Introduction to International Relations (undergraduate)
This course builds a theoretical and empirical foundation for understanding the actors, processes, and structures that shape and constrain global politics. It introduces major concepts in the study of international relations and provides an overview of the major theoretical approaches to understanding world affairs.
Insurgents, Criminals, and Warlords: Understanding Violent Non-State Actors in International Politics (undergraduate)
This course provides a theoretical and empirical overview of the role played by violent non-state actors in international politics. Examining insurgents, criminals, and warlords, the course explores why these actors resort to violence, the strategies and tactics they employ, and the connections that link them together.

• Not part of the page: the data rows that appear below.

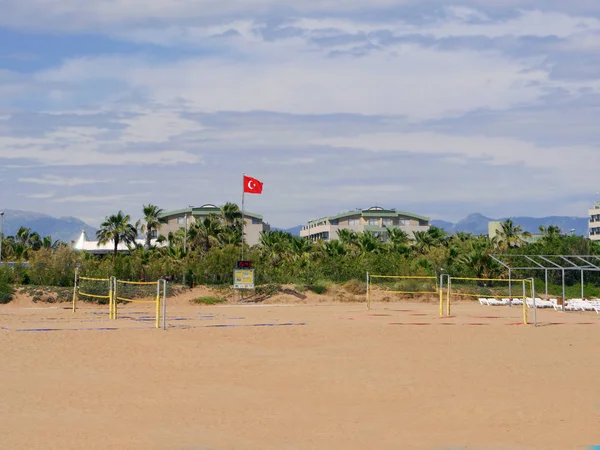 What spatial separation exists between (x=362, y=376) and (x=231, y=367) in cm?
293

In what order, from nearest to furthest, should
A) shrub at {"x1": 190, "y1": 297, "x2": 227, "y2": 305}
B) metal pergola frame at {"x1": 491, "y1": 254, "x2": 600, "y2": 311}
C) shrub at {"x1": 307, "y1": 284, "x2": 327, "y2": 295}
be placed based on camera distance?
metal pergola frame at {"x1": 491, "y1": 254, "x2": 600, "y2": 311}
shrub at {"x1": 190, "y1": 297, "x2": 227, "y2": 305}
shrub at {"x1": 307, "y1": 284, "x2": 327, "y2": 295}

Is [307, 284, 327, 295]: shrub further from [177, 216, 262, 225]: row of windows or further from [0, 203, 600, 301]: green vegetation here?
[177, 216, 262, 225]: row of windows

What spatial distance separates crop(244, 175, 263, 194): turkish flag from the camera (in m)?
51.0

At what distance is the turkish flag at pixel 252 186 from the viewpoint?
5097cm

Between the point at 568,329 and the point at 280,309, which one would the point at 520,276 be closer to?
the point at 280,309

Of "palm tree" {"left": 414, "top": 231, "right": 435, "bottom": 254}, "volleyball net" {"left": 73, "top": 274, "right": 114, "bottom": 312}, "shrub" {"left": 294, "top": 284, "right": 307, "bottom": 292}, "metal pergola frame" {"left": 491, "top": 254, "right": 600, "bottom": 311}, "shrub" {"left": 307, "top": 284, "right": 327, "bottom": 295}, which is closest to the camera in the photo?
"metal pergola frame" {"left": 491, "top": 254, "right": 600, "bottom": 311}

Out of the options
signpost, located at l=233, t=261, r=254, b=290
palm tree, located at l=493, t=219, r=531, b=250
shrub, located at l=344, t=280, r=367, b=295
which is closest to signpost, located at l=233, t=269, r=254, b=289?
signpost, located at l=233, t=261, r=254, b=290

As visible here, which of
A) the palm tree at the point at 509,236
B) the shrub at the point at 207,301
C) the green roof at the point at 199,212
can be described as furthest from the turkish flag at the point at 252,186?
the green roof at the point at 199,212

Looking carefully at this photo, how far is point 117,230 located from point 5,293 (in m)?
42.4

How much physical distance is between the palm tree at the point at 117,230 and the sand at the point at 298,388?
6103cm

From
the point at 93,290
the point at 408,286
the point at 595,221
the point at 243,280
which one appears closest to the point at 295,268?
the point at 408,286

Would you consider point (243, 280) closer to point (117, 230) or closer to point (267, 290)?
point (267, 290)

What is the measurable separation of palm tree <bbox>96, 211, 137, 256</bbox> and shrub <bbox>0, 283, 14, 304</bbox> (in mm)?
40798

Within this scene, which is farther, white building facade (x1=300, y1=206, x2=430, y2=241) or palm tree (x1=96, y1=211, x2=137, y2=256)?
white building facade (x1=300, y1=206, x2=430, y2=241) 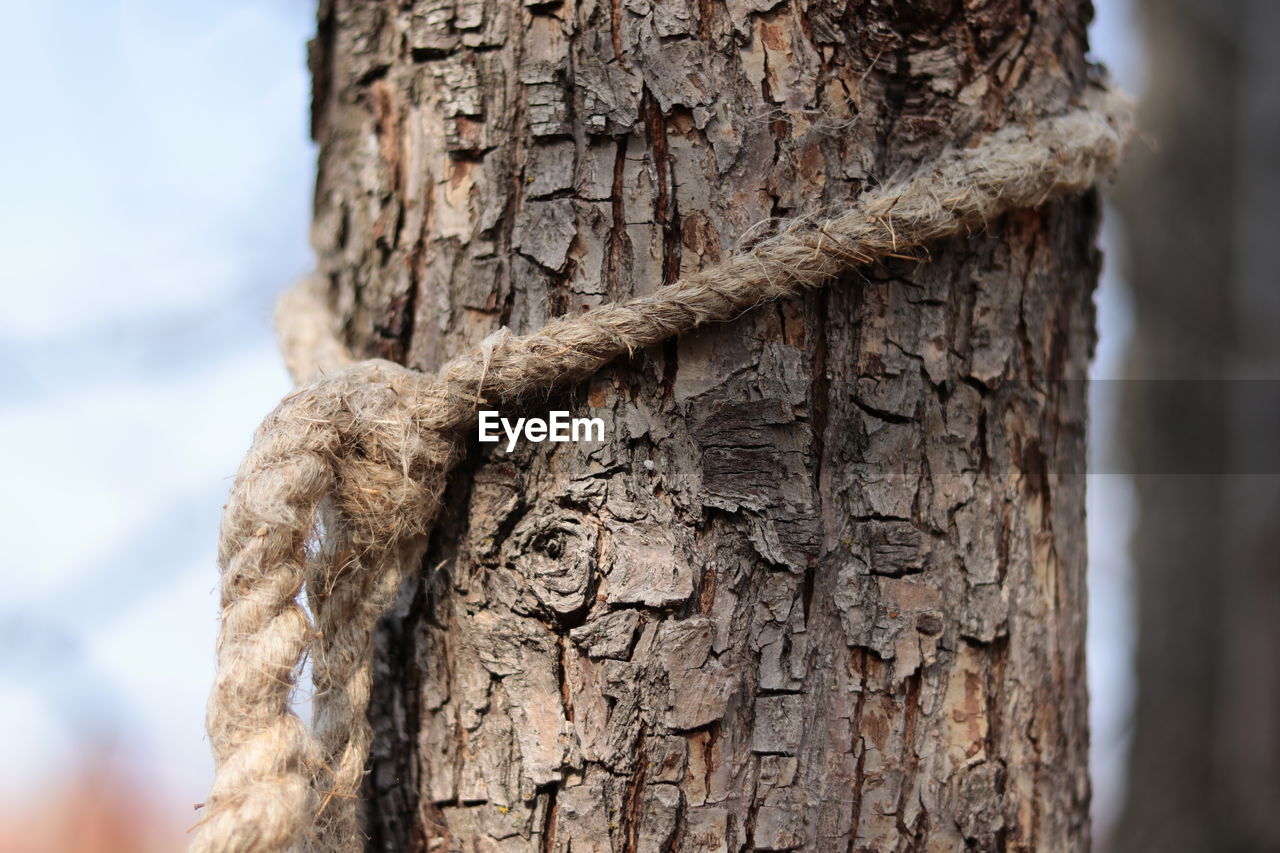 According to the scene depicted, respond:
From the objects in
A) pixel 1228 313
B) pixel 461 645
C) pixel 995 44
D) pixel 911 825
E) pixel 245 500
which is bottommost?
pixel 911 825

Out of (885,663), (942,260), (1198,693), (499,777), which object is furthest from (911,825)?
(1198,693)

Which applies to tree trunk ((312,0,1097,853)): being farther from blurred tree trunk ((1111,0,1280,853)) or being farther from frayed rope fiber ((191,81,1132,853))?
blurred tree trunk ((1111,0,1280,853))

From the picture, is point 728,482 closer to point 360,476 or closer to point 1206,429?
point 360,476

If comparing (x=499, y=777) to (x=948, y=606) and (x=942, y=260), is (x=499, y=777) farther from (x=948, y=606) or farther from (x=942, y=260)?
(x=942, y=260)

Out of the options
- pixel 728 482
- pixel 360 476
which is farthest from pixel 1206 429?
pixel 360 476

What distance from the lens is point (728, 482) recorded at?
0.62 metres

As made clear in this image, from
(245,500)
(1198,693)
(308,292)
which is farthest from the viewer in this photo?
(1198,693)

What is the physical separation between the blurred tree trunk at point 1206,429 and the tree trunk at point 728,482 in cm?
223

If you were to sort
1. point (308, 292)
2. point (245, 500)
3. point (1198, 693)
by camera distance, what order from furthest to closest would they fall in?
point (1198, 693) < point (308, 292) < point (245, 500)

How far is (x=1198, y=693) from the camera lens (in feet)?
8.36

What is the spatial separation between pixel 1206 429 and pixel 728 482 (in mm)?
2540

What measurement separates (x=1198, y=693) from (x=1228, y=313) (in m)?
1.08

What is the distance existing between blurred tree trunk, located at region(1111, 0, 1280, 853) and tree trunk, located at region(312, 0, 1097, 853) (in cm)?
223

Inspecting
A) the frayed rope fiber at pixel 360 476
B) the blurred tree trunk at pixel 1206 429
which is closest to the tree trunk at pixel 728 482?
the frayed rope fiber at pixel 360 476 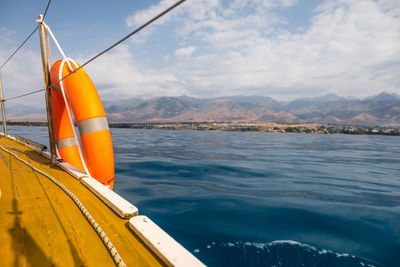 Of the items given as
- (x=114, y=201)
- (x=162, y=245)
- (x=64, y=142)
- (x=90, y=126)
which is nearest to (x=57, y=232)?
(x=114, y=201)

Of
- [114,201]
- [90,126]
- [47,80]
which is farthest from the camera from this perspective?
[47,80]

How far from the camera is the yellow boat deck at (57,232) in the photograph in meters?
1.73

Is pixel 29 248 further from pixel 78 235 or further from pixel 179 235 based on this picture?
pixel 179 235

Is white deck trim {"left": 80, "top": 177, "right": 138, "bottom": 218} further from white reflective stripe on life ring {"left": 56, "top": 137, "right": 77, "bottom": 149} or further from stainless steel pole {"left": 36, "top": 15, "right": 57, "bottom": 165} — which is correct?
white reflective stripe on life ring {"left": 56, "top": 137, "right": 77, "bottom": 149}

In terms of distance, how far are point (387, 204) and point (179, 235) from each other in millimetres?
5194

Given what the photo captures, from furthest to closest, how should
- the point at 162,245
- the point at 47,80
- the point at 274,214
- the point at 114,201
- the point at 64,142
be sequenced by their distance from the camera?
the point at 64,142 < the point at 47,80 < the point at 274,214 < the point at 114,201 < the point at 162,245

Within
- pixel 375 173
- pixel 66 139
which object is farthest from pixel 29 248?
pixel 375 173

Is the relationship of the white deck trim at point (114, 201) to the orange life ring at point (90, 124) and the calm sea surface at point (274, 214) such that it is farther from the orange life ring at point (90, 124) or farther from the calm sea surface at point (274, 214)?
the calm sea surface at point (274, 214)

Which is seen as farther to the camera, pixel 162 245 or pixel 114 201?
pixel 114 201

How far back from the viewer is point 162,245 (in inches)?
70.8

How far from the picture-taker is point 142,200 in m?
5.05

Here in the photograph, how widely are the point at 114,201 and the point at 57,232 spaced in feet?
2.23

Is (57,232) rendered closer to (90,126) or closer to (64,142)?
(90,126)

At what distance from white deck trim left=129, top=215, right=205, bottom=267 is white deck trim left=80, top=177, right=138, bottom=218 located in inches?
8.1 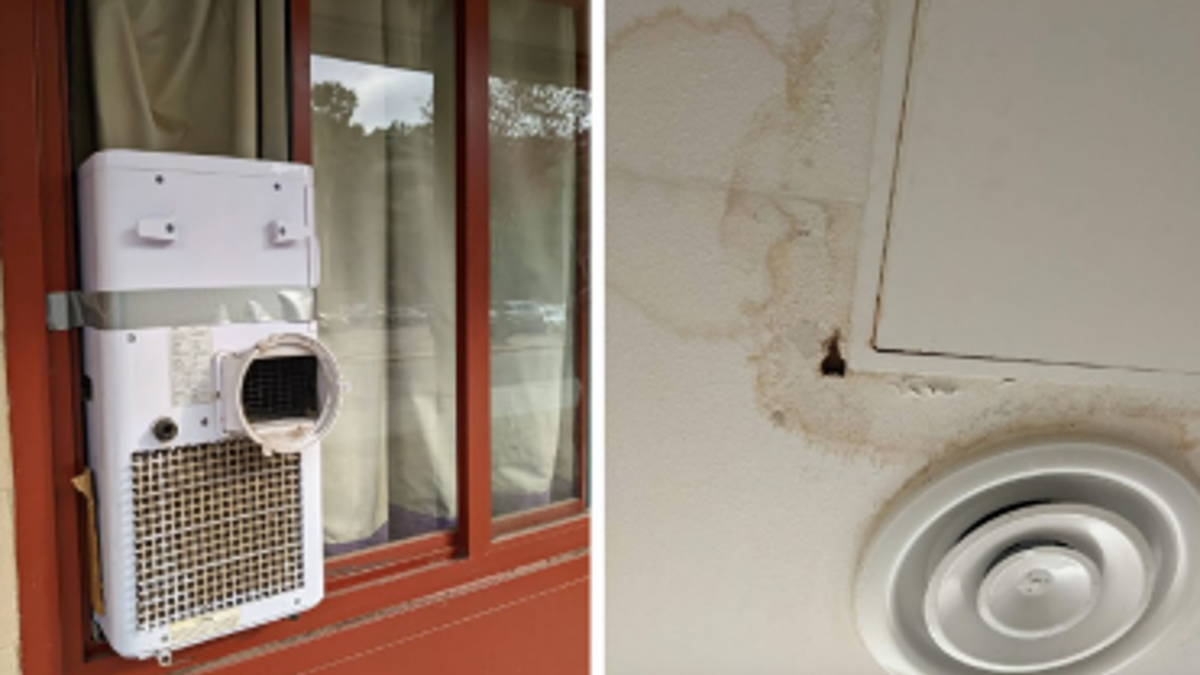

Civil War and Counterinsurgency (graduate)
This course provides an overview of the origins, dynamics, and outcomes of civil war and counterinsurgency. It provides a theoretical, empirical, and methodological foundation for understanding these forms of conflict, the logic of their violence, and the determinants of their dynamics and outcomes.
International Relations Field Seminar (graduate)
This course provides an intensive and critical examination of theory and theorizing in international relations by examining a selection of questions, puzzles, and perspectives in the field. It focuses attention on the interaction between theory and the ‘real world’ by tracing several analytical devices that cut across the field and applying them to pressing empirical puzzles.